== SOURCE DATA
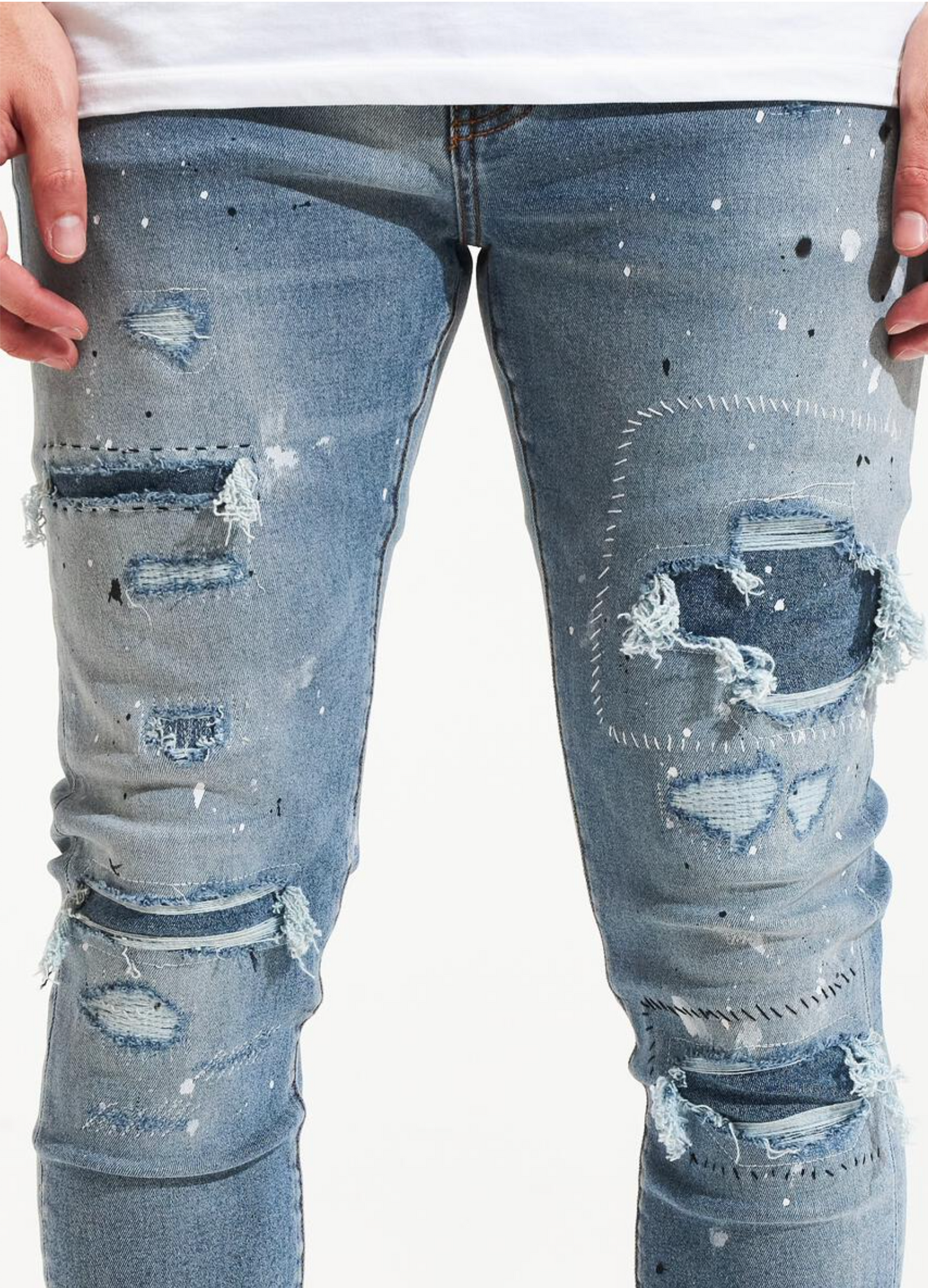 Crysp Denim Jeans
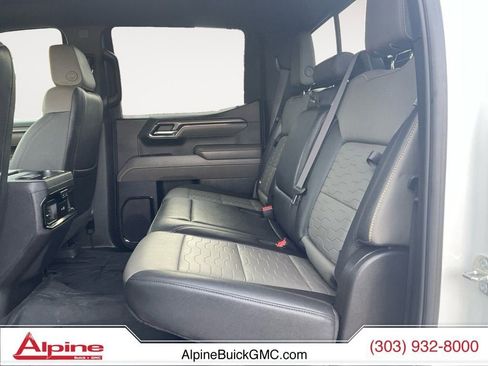 Used 2024 Chevrolet Silverado 1500 ZR2 w/ Technology Package image 13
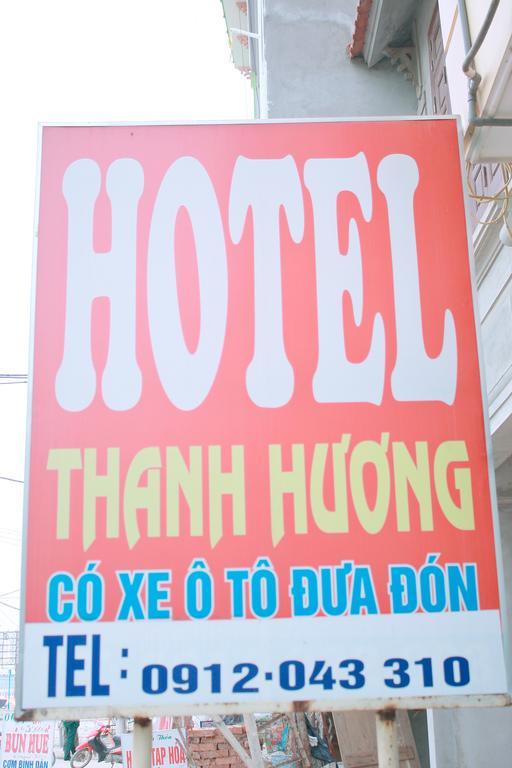 Thanh Huong Hotel Hanoi Buitenkant foto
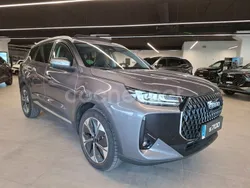 Gris / plata Nuevo 2025 Ebro s700 Luxury SUV | 28.900 € (Precio justo)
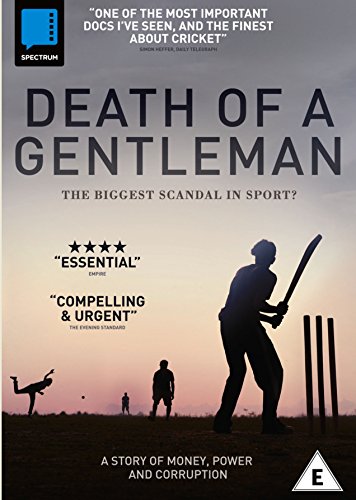 Preisvergleich Produktbild Death of a Gentleman [DVD] [UK Import]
====
→ WHAT THIS TASK INVOLVES
Do not include the images; transcribe the rest of the listing exactly.

→ FINAL ANSWER
 Crysp Denim Jeans
 Used 2024 Chevrolet Silverado 1500 ZR2 w/ Technology Package image 13
 Thanh Huong Hotel Hanoi Buitenkant foto
 Gris / plata Nuevo 2025 Ebro s700 Luxury SUV | 28.900 € (Precio justo)
 Preisvergleich Produktbild Death of a Gentleman [DVD] [UK Import]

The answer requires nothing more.